The 1992 movie Martin Scorsese worked on for 12 years before giving up: “We really tried”
TikTok sensation, The Mandalorian and Grogu star, former Michael Jackson collaborator, and AI endorser Martin Scorsese has been called many things over the years, but a quitter hasn’t been one of them.
When the filmmaker has his heart set on something, he’ll usually move heaven and earth to ensure it happens one day, as seen through his years, if not decades-long, battles to bring The Last Temptation of Christ, Silence, Gangs of New York, and The Irishman to the screen, to name but four.
Along the way, he endured setbacks of a personal and professional nature, studio squabbling, financial issues, creative malaise, and almost everything that can possibly plague an auteur throughout the development process, only to emerge on the other side with an acclaimed, awards-worthy epic.
Based on that, you’d think that if Scorsese funnelled a dozen years of his life into trying to tell a cinematic story, nothing would stop him from making it a reality. As you can see from the titles named above, that’s almost always been the case, apart from that one time he did the unthinkable: he held his hands up, admitted defeat, and walked away.
In 1992, Scorsese purchased the rights to Nick Tosche’s Dino, a biography on Dean Martin.
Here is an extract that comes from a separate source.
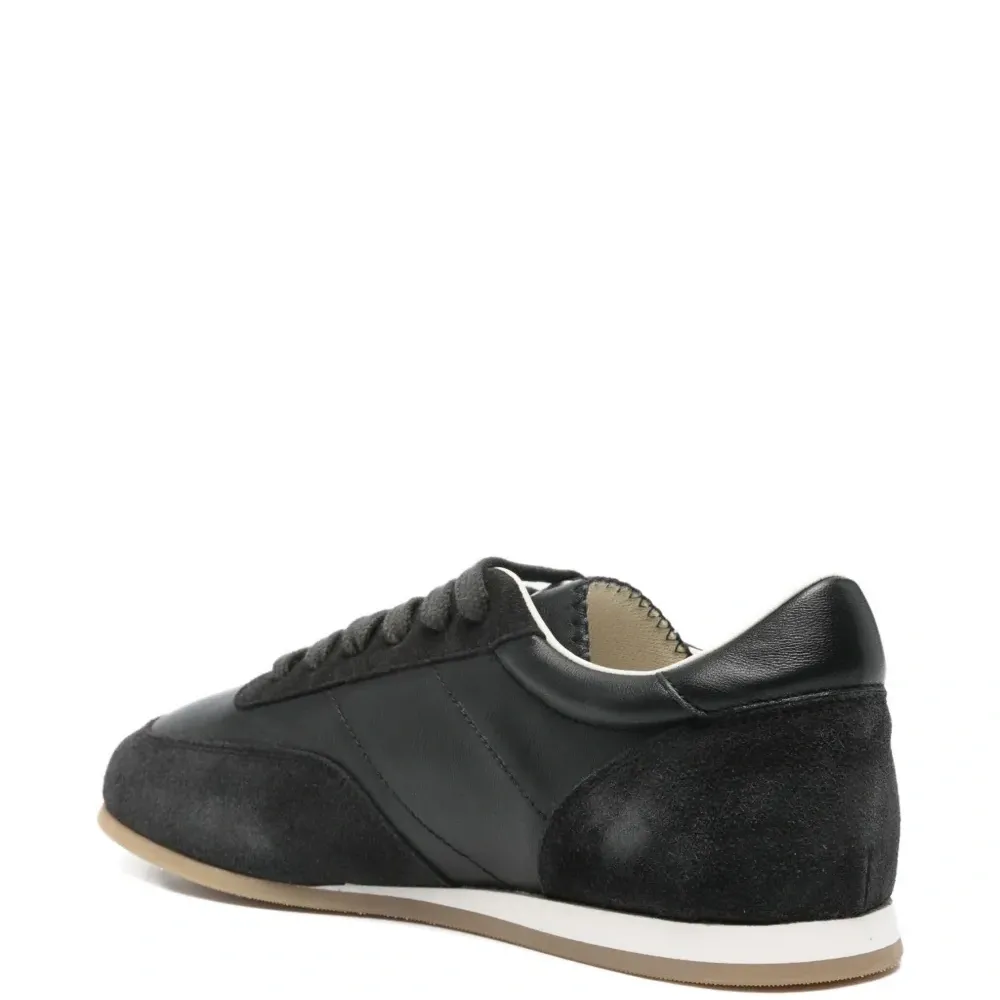 Кожаные кроссовки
He’d always been a fan of the crooner, movie star, ‘Rat Pack’ member, and ‘King of Cool’, and he even had a leading man and supporting cast in mind, with Tom Hanks eyed for the lead role and hypothetical support from the star-studded likes of John Travolta, Hugh Grant, and Jim Carrey as his comedic idol, Jerry Lewis.
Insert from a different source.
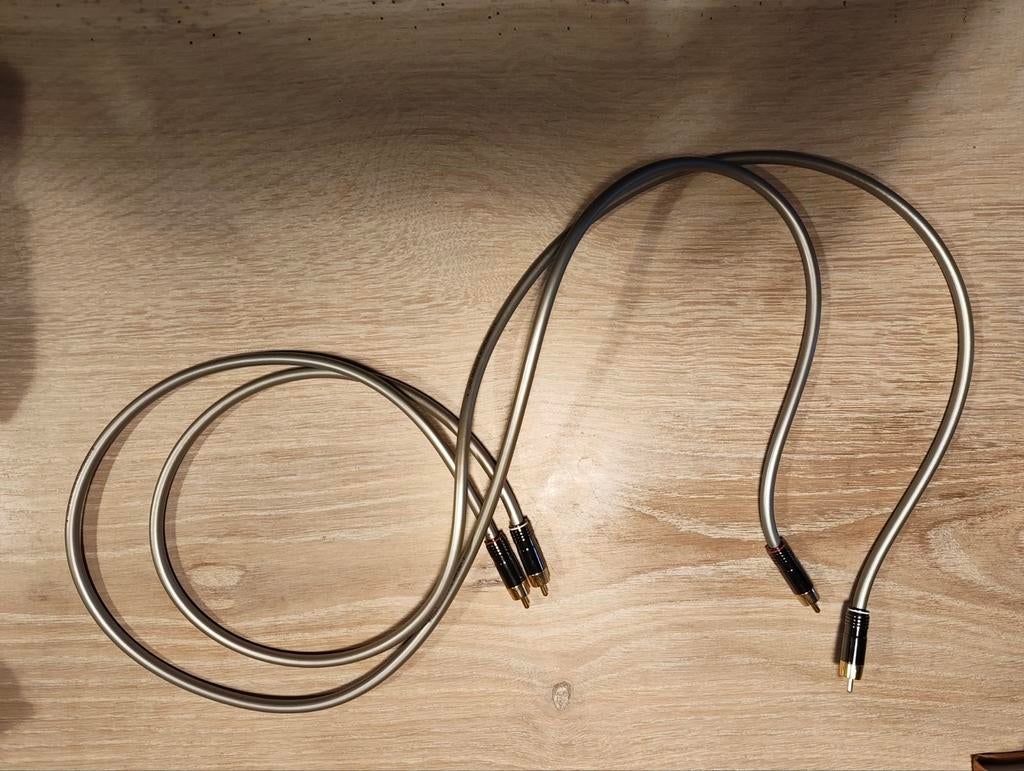 2 x Linn Silver 1.2m RCA Interlink Kabel - Perfecte Staat, Audio, Tv en Foto, Ophalen of Verzenden, Zo goed als nieuw, Minder dan 2 meter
Recruiting Goodfellas screenwriter Nicholas Pileggi in the hopes that lightning would strike twice, it didn’t. Undeterred, Scorsese sought to recapture a different kind of screenwriting magic by enlisting Paul Schrader to head up another draft alongside another name he was very familiar with, Irwin Winkler.
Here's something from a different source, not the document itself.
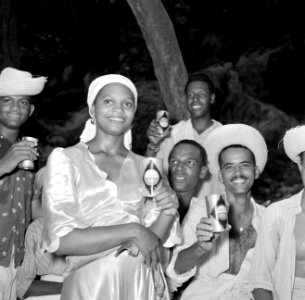 Dansers en muzikanten op een feest in Barber op Curaçao, Bestanddeelnr 252-3388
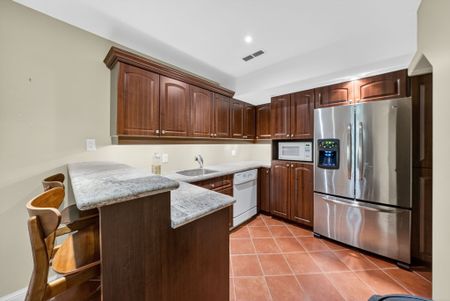 For Lease - 11 Tudor Gate, Toronto, Ontario - Photo 4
By the end of 2004, though, Dino was dead in the water. “We really tried, but the story of Dean Martin is very difficult, very difficult,” the director reiterated. “It’s because ultimately he pulls back in life. He pulled back and seemed to be passive, and that was part of what was appreciated about him from Sinatra and everyone else.”
It’s not like Scorsese to question his ability to tell a story, but Martin broke him. “Can you make a film and say what the man is about?” he asked, rhetorically, since he never made the film. “I don’t think that you can ever make a fiction, or even a documentary. Look, we really couldn’t get a handle on what to do.”
He was well and truly stumped, so the Academy Award-winning legend washed his hands of Dino altogether. That doesn’t bode too well for his Frank Sinatra biopic, no matter how intent he seems to get it in front of the cameras, since he’s been working on that one in some capacity since 1999.